Halaman 18

611 54 3
                                    

Brak....

Kursi roda itu melayang membentur tembok di sisi Ilham. Kaget bukan main. Ilham berlari mendekat ke arah Andi dan Dina. Mata mereka menatap nyalang ke setiap sudut ruang. Tetiba...

"Aaaaaa......"

Dina terguling di tangga.

"Dina!"pekik Andi dan Ilham berlari menuruni anak tangga menghampiri Dina. Seperti ada yang mendorong Dina, tapi tidak nampak oleh pandangan mereka. Gadis itu terguling hingga ke bawah. Seluruh tubuhnya seperti remuk berantakan.

"Lo gapapa?"serobot Ilham.

Dina mengerjabkan matanya berkali-kali. Seluruh pandangannya terasa kabur. Penglihatannya buram.

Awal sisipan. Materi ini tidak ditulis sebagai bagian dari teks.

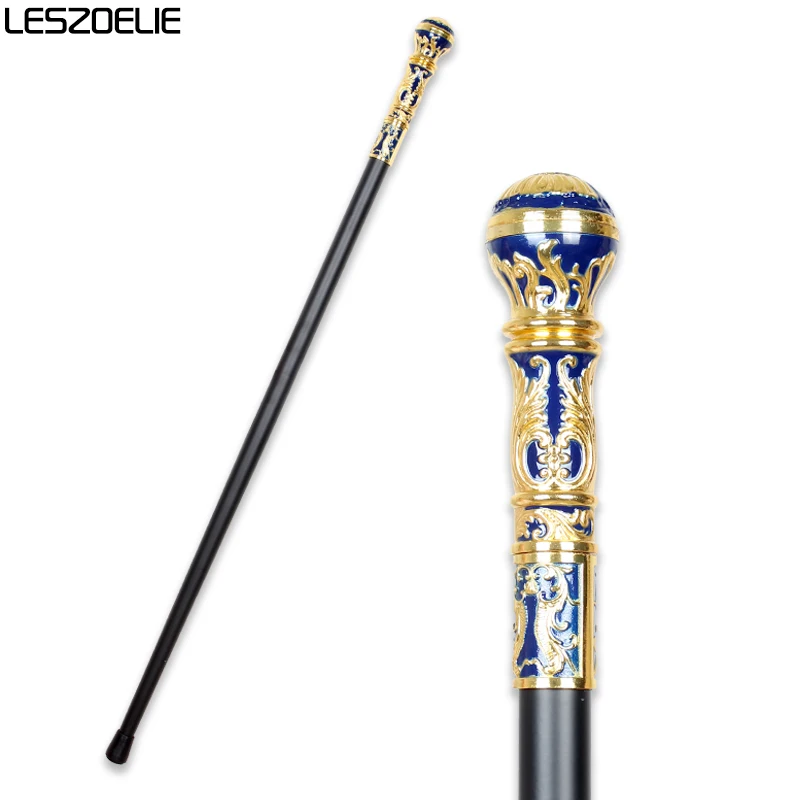 cute walking canes cute walking canes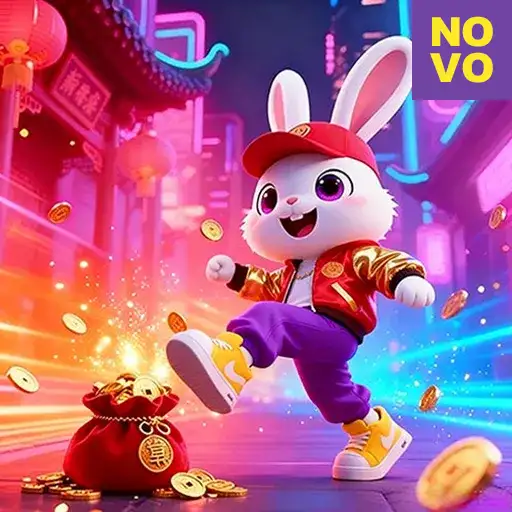 dj5 jogos entretenimento online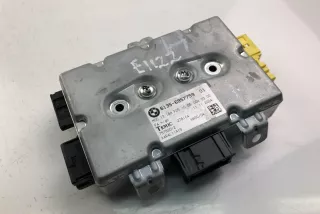6957759 , art479575 Блок управления (другие) BMW 5 E60/E61 Арт 479575, вид 1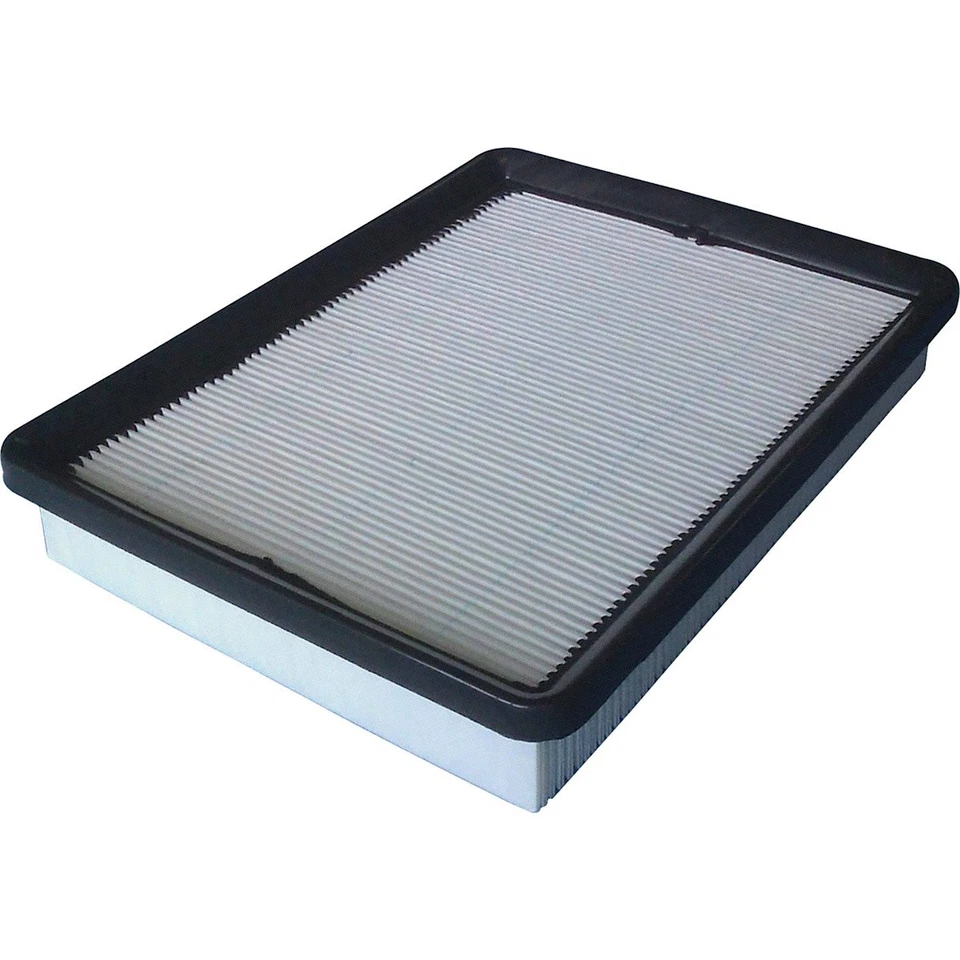 5126WS Bosch Air Filter for Kia Magentis Optima Hyundai Sonata 1999-2005 - Image 1 of 1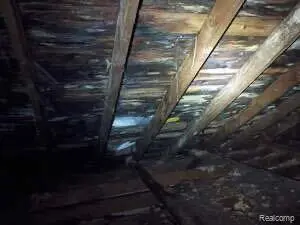 18910 Teppert ST, Detroit, MI 48234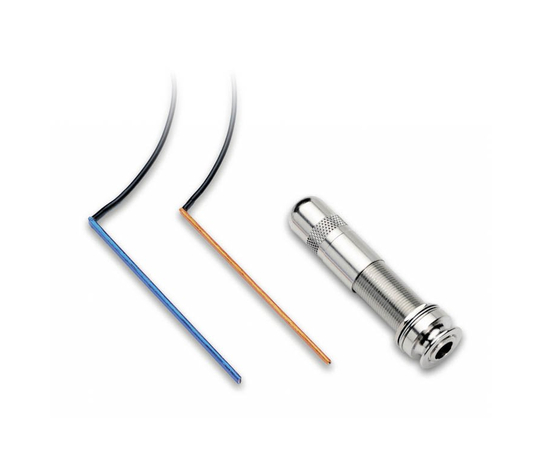 Звукосниматель Fishman PRO-AG0-094 123737 - 132960 за 6705 грн. | 4Club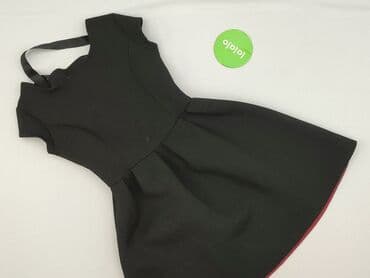 tanie sukienki dla puszystych sklep internetowy: Women`s dress, S at lalafo.pl — 2 tanie sukienki dla puszystych sklep internetowy: Women`s dress, S — 2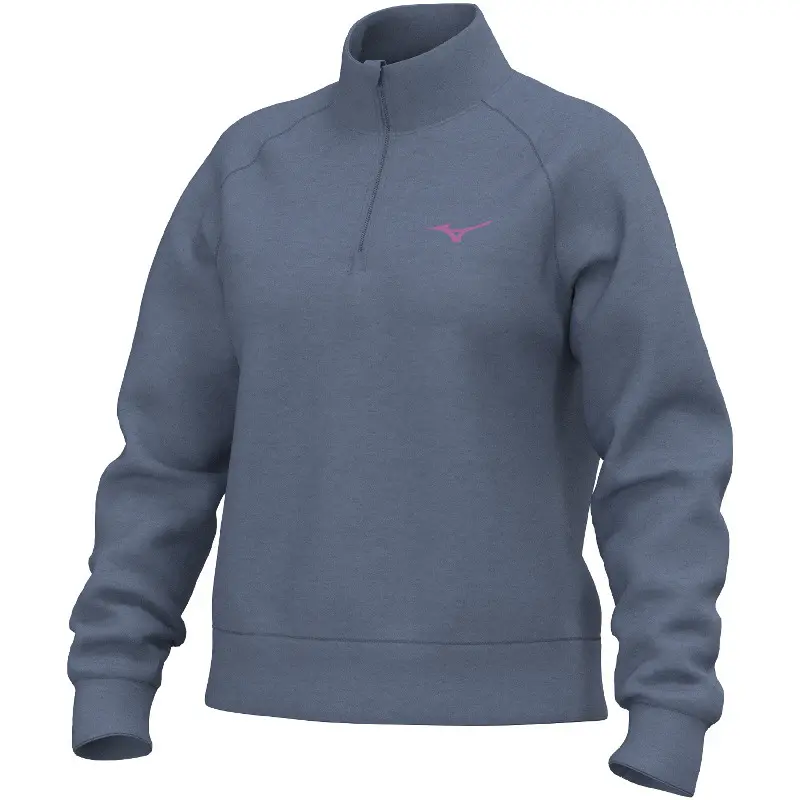 sportisgood775943
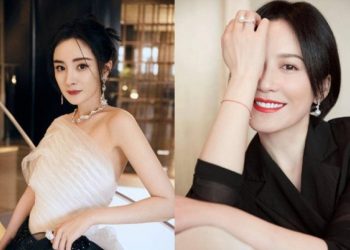 Bí kíp chọn trang sức nâng tầm phong cách cho phụ nữ trung niên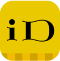 logo_id_square.png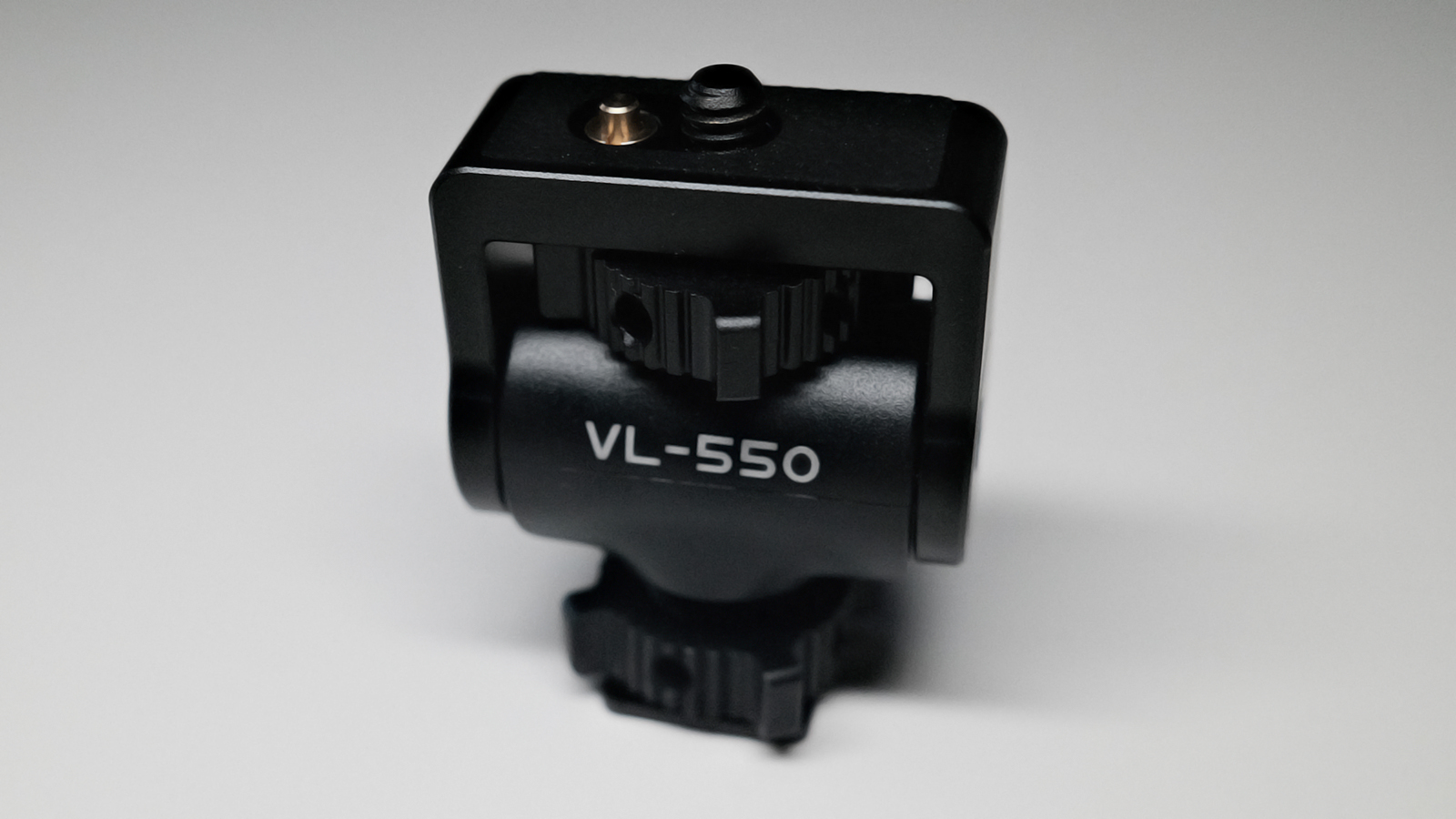Viltrox DC-A1 field monitor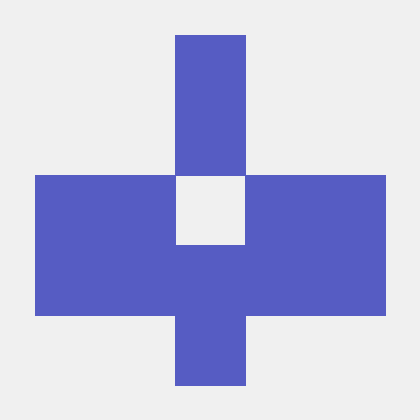 Jkim Sejong Github - Premium Minimal Wallpaper Gallery - Desktop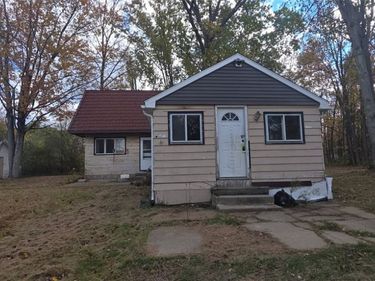 9497 Harrison Street , Angola, NY 14006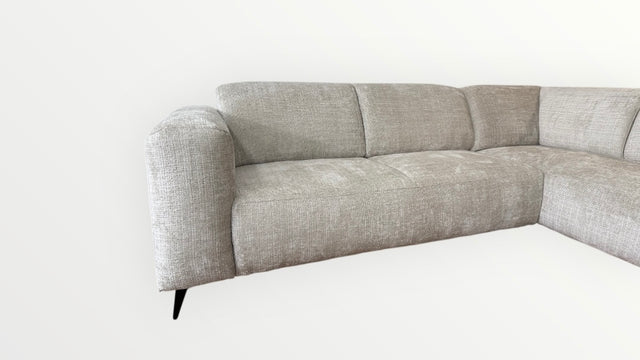 Mali Lounge Sofa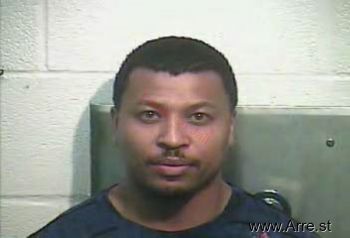 Vincent M Lewis Mugshot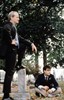 Академия «Рашмор» (Rushmore)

"Lo gapapa?"tanya Ilham lagi berusaha membangunkan Dina.

Dina mencoba duduk dan memegang kepalanya yang terasa berdengung hebat.

"Argh.."erangnya.

Mata mereka membulat, ketika darah segar mengalir dari hidung Dina. "Lihat! Lo mau tanggung jawab, Ndi?!"

Andi terlihat gusar mendapati Dina persis seperti Okta. Tangannya gemetar hebat. Ini semua salahnya! Tidak sengaja sekelebat membayangkan Okta yang terguling waktu itu.

"Lo masih bisa berdiri Din? Kita pulang!"ucap Ilham.

Dina masih menundukan kepalanya berusaha menetralkan penglihatan dan pikirannya. "Dengar baik-baik, kalian mending bareng Okta dan Ujang di ruang tengah. Biar gue yang naro album ini di tempatnya,"

Dina mendongak menatap manik mata Andi yang menyesal."Gak Ndi! Kita berangkat bareng-bareng, pulang pun harus bareng!"tegas Dina.

Gadis itu mencoba bangkit, tubuhnya seperti terpecah belah. Mereka memutuskan untuk menaiki anak tangga kembali. Andi dan Ilham memapah Dina untuk sampai ke lantai 2. Berbeda dengan Bari, Indah, Salman dan Kang Usman yang menyusuri lorong bawang tanah.

Ternyata rumah bertingkat dua itu sangat megah sampai tak terbayangkan oleh pikiran Indah, Bari dan Salman. Listrik sengaja dipadamkan demi mencari jejak dimana Izul berada. Mereka memegang senter masing-masing. Bau tanah basah merayap pada dinding-dinding lorong bawah tanah itu. Indah secepat mungkin mengenyahkan pikiran buruk tentang lorong gelap ini. Tapi ada yang mengganggu dipikirannya sejak tadi.

"Anaknya Kang Usman kemana ya?"tanya Indah.

Bari yang menyadari keanehan itupun, menghentikan langkahnya. Menurut Kang Usman, mereka bersama anaknya seharusnya. Indah kembali menegang. Sekelebat ia melihat potongan gambaran akan lorong ini. Pikirannya entah mengapa tertuju pada sebuah gadis kecil berambut pirang yang menangis tersedu-sedu.

Langkah Indah berhenti kembali ketika kepalanya terasa sangat sakit.

"ARGHH..."

"Ndah? lo gapapa?"tanya Salman ketika Indah mulai berjongkok di lantai.

Kang Usman berlari menghampiri, "Loh kalian bertiga?"tanya Kang Usman. Matanya langsung beralih pada Indah yang mengerang kesakitan.

"Rupanya dia ingin kamu tahu penderitannya,"ucap Kang Usman khawatir.

Matanya menatap nyalang pada langit-langit lorong yang basah. Udara semakin pengap ketika tahu hujan turun dengan derasnya di luar sana. Posisi lorong ini berada di bawah tanah dan letaknya cukup dalam, membuat pasokan udara semakin menipis.

Indah memejamkan matanya kembali ketika bayangan itu datang dalam kepalanya. Gadis kecil itu disiksa habis-habisan oleh orang tuanya. Indah menjambak rambutnya sendiri ketika rasa sakitnya semakin tak wajar.